An Effective Energy-Saving Elevator

Figure 7: Schematic circuit diagram of the battery system

How growing demand for a power-storage battery for elevators combined with a control system can be met

by K. Takasaki, R. Ootsubo, J. Takeda and S. Nojima

Designers in various industrial areas have been tackling energy-saving and environmentally friendly production, which need urgent attention in realizing a sustainable society. The same goes for elevators, and we have been continuously struggling to propose the best solutions. Among many possible solutions, this article focuses on one in particular — namely, storing the power generated from natural power sources in rechargeable batteries for subsequent use under normal operation. The new energy-saving system introduced in this article has proved to be remarkably effective.

There is a growing demand for the development of energy-saving, environmentally conscious elevators. Typical technologies currently employed for achieving energy savings with low power consumption include improvements in system efficiency, effective use of regenerative power and use of “green energy.” Also in high demand are user-friendly products with enhanced functions for ensuring peace-of-mind and safety, such as elevators able to continue operating even in the event of power failure, whether it be planned or not.

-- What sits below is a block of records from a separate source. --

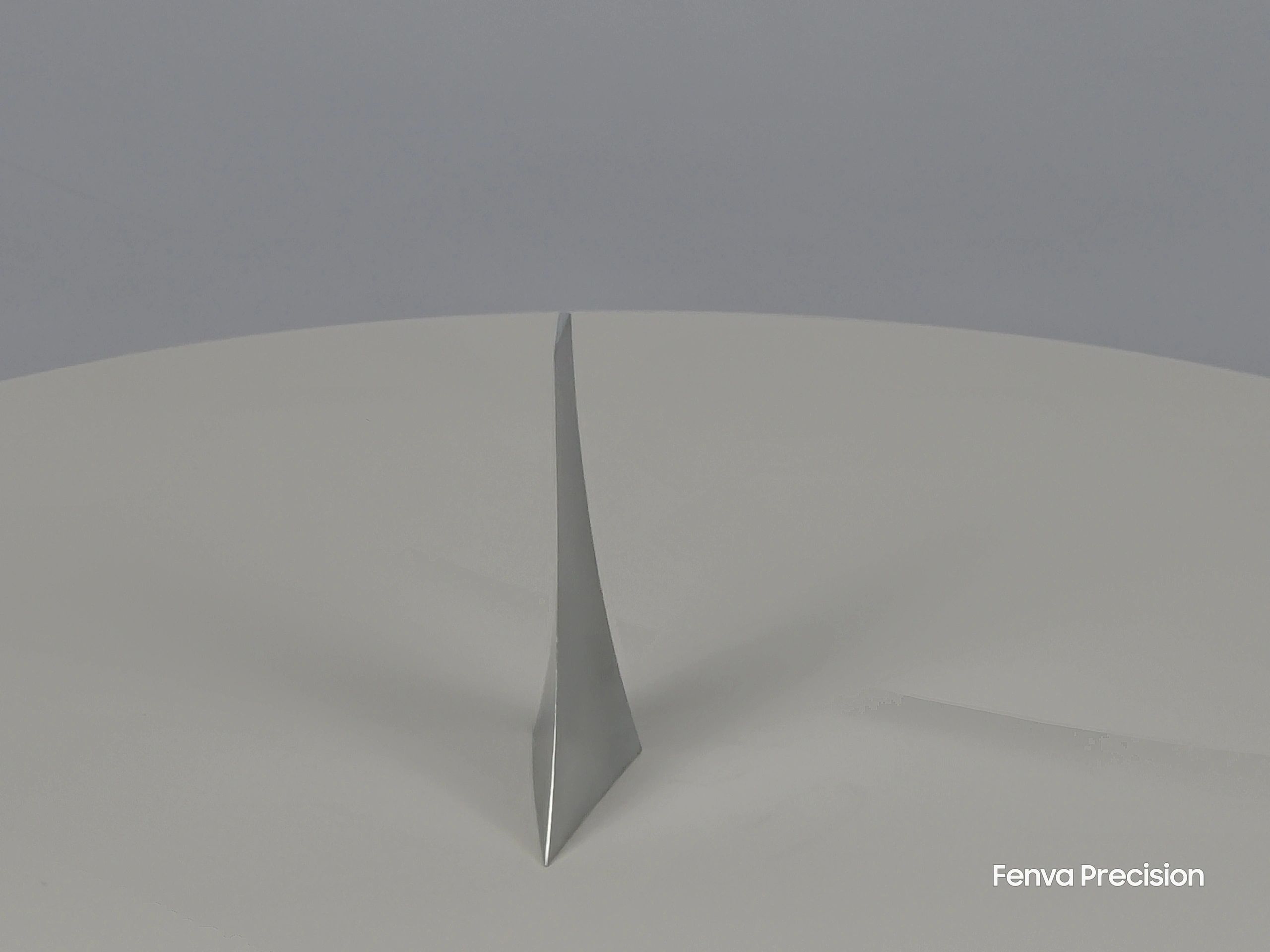 Precision machined aluminium aircraft flap vane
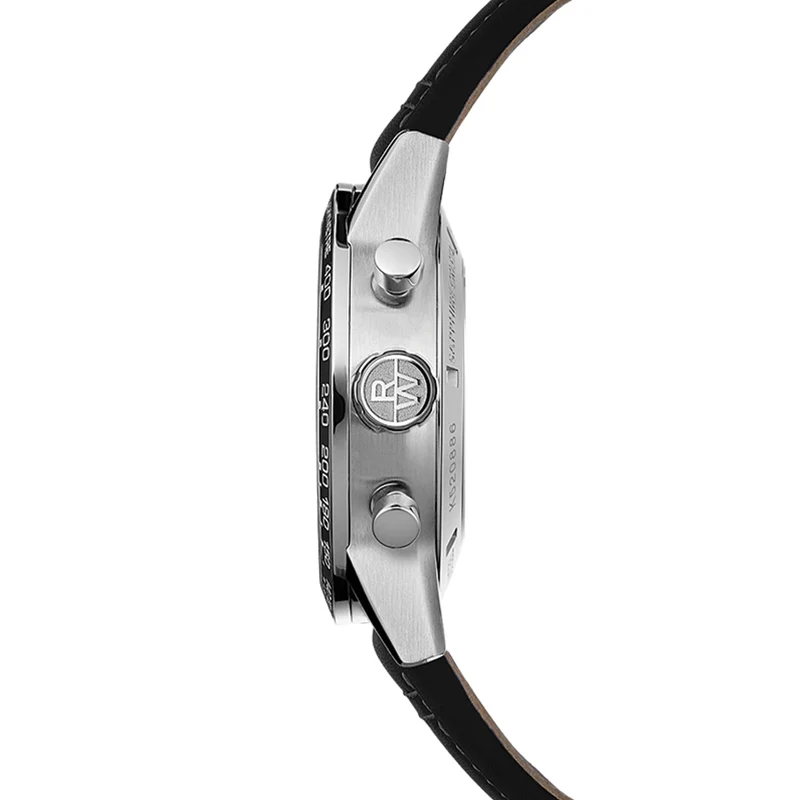 Freelancer Automatic Chronograph Ceramic Bezel 43.5mm - Black on Leather Strap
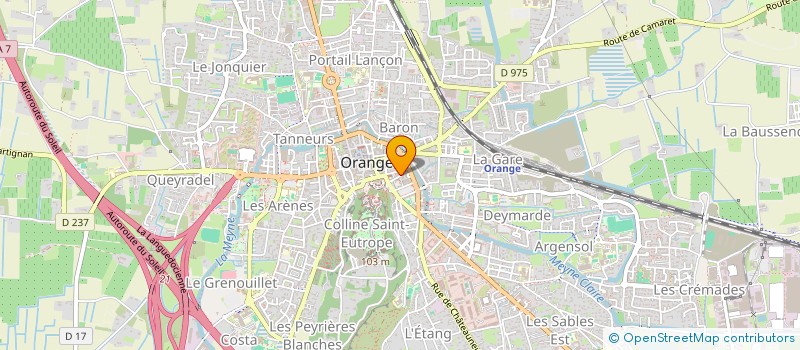 localisation de l'entreprise MADAME LAILA CHIHABIDINE à ORANGE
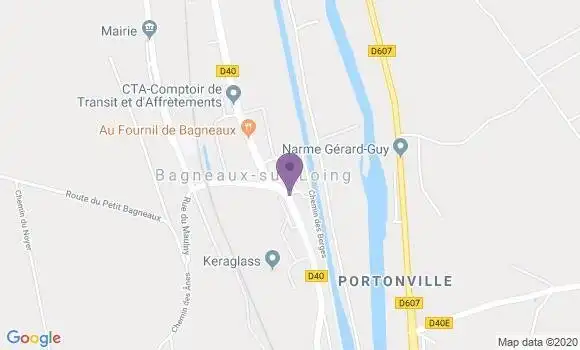 Localisation Bagneaux sur Loing Bp - 77167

In order to respond to these energy saving challenges and power supply difficulties in the event of a disaster, a battery that temporarily stores electric power to be consumed by an elevator is necessary. Against the backdrop of these circumstances, the market demand for products with storage batteries and elevator control systems combined is expected to increase in the future, thus raising expectations and requests for storage batteries.

Lithium-ion batteries with high energy density are expected to be used as the storage batteries installed in elevators. Such batteries need to have an input/output characteristic high enough to instantly charge/discharge a high level of energy in accordance with the operating pattern of the elevator. Furthermore, because systems without a machine room must have a power-supply unit installed in the hoistway, the lithium-ion battery needs to exhibit high performance, long-term durability and superior operating safety in a small space, as well as in a low-temperature environment.

The Battery

The storage battery employed in an elevator needs an input/output characteristic high enough to instantly charge regenerative power produced during operation of the elevator and instantly discharge required energy while the elevator is in powered operation. In addition, because of the environment in which the elevator is installed, the battery needs to have high reliability, durability and operating safety, as well as superior performance at low temperature. These conditions can be satisfied by a high-performance, high-function lithium-ion Super Charge ion Battery (SCiBTM) developed by Toshiba Elevator and Building Systems Corp. The main features of the SCiB are:

  • High safety: The SCiB is resistant to internal short-circuits due to the adoption of new oxide-based material. Thermal runaway is prevented, even if an internal short-circuit should result from, for example, an external force.
  • Long service life: Even after repeating 10,000 full charge/discharge operations, the SCiB maintains a capacity retention ratio of 80% or more.
  • Low-temperature performance: The SCiB has the capability to sufficiently discharge, even at a temperature of –30 °C.
  • A wide range of workable state-of-charge
  • High input/output: The SCiB can be charged quickly and is good at instantaneous input/output of a large current.
  • Space saving: Compared with other secondary batteries (e.g., nickel-metal hydride batteries), the SCiB has high energy density, which can contribute to a small battery size.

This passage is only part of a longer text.